US-China ties: Reducing tensions, not resetting the relationship yet
NOTHING really earth-shaking took place in the 'virtual summit' last week that brought together Chinese president Xi Jinping and US leader Joe Biden. It neither produced any diplomatic breakthroughs nor did it result in any trade deals.
The main reason the zoom event was newsworthy was because it, well, happened, and that it may have halted the downward spiral in the relationship between the world's 2 major powers and helped to create the conditions for some kind of diplomatic detente between Beijing and Washington. Indeed, you didn't have to be a foreign policy expert to observe that against the rising tide of nationalism in both China and the United States, their bilateral relationship has been dominated by growing tensions in the geo-strategic and geo-economic arenas, over policy issues ranging from Taiwan to trade.

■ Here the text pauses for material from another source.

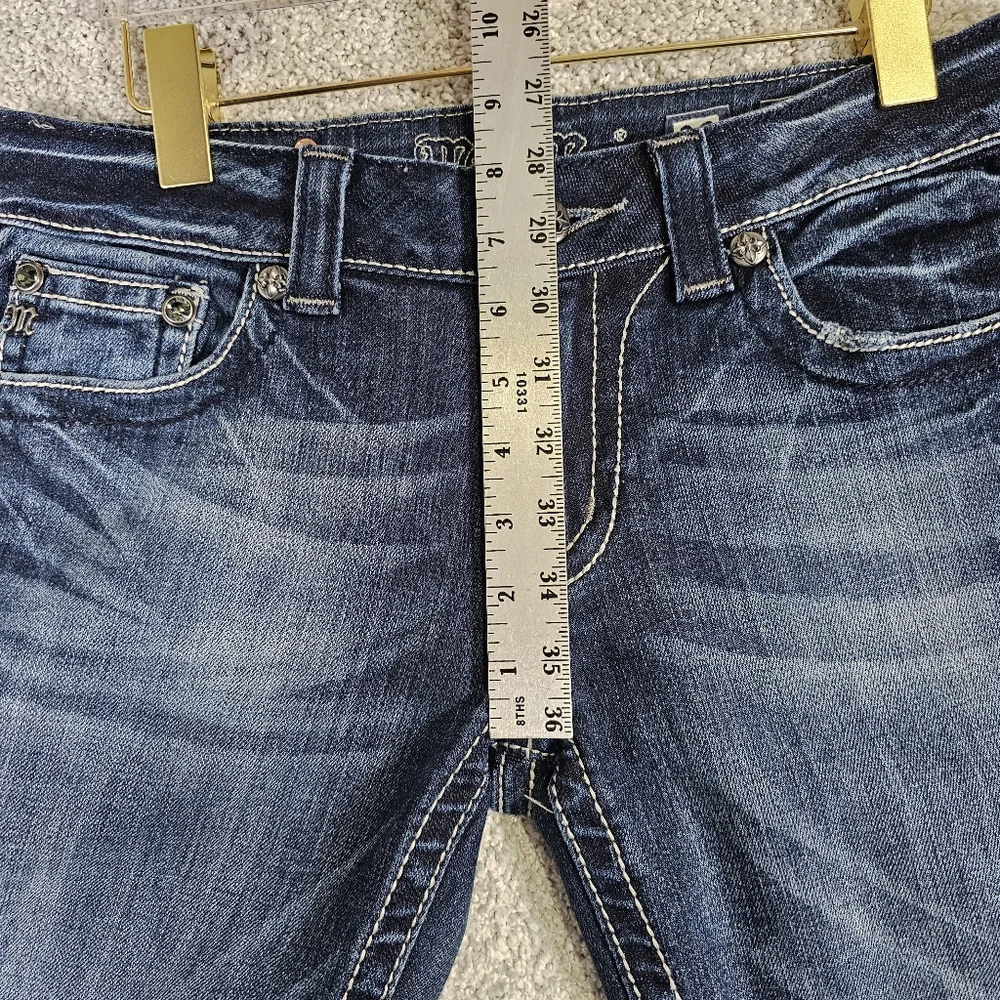 Miss Me Bootcut Dark Wash Denim Jeans Women's 29 Distressed Western Rock Boot‎ - Picture 8 of 11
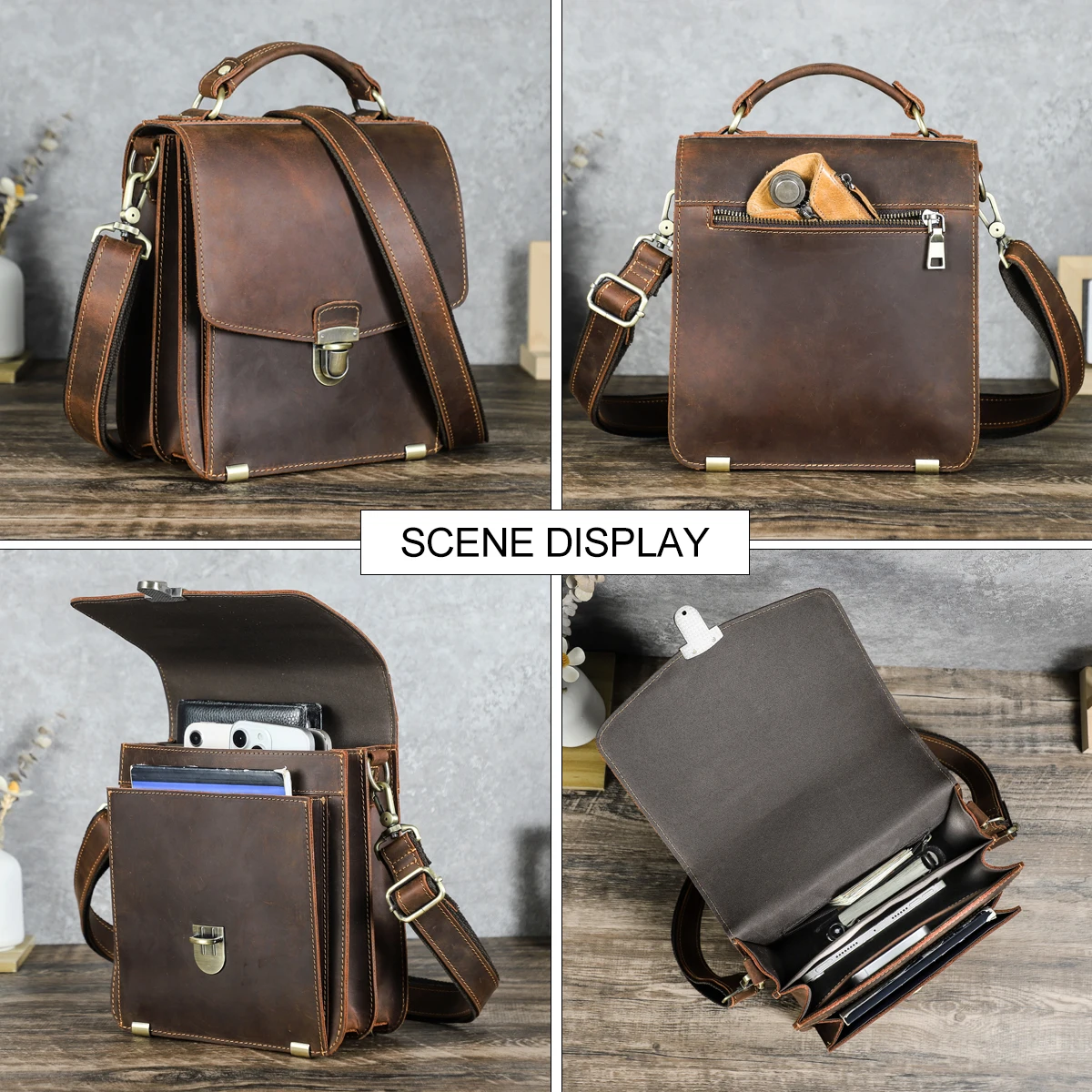 CONTACT'S Genuine Leather Sling Shoulder Bags Crazy Horse Leather Tote Handbags Male Flap Crossbody Messenger Bags Men's Bags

While President Xi has been consolidating his power in Beijing and asserting China's expanding role as a regional and global power, President Biden, reflecting a growing bipartisan consensus in Washington, has pledged to maintain US economic and military primacy vis-a-vis China. Many American lawmakers and pundits have compared the confrontation between the two nations to a new Cold War although the Biden administration has refrained from employing that term and described it instead as a "competition". Yet each side has accused the other of violating international agreements and norms, with Washington decrying Chinese policies in Hong Kong and towards its Muslim minorities, and the Chinese contending that the US has been strengthening its security partnerships in the Indo-Pacific region in order to challenge China.